Monday, June 25, 2007

Tech-savvy job seekers send 'avatar' to interview

It's now possible to meet with recruiters without actually showing up for a job interview.

Some employers are experimenting with Second Life, the online virtual community owned by San Francisco-based Linden Lab, to screen prospective hires. The program allows job seekers to create a computer-generated image to represent themselves — known as an "avatar" — and communicate with executives of prospective employers as though they were instant-messaging.

A number of big companies put the new medium to a test last month, when recruitment-advertising firm TMP Worldwide Advertising & Communications LLC hosted a virtual job fair with employers such as Hewlett-Packard Co., Microsoft Corp., Verizon Communications Inc. and Sodexho Alliance SA, a food and facilities-management services company. TMP says it will host another virtual job fair in August.

The use of Second Life for recruiting marks yet another way that employers are incorporating popular Web sites into their talent searches. Employers have already set up pages for prospective hires on Facebook, the popular social-networking site, and have posted recruitment videos on Google Inc.'s YouTube, the video-sharing site.

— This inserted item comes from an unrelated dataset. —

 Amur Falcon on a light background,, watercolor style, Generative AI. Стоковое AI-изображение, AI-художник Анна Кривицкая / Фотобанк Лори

Some companies troll for prospective job candidates on News Corp.'s My-Space social-networking site.

The phenomenon of recruitment on Second Life began with smaller, more-progressive companies that already used the site to market their products. These companies occasionally recruited Second Life users who visited their buildings. Now, other employers — even in stodgier industries — are inviting prospective hires who have never used Second Life to show up in the virtual world and meet with their avatar recruiters.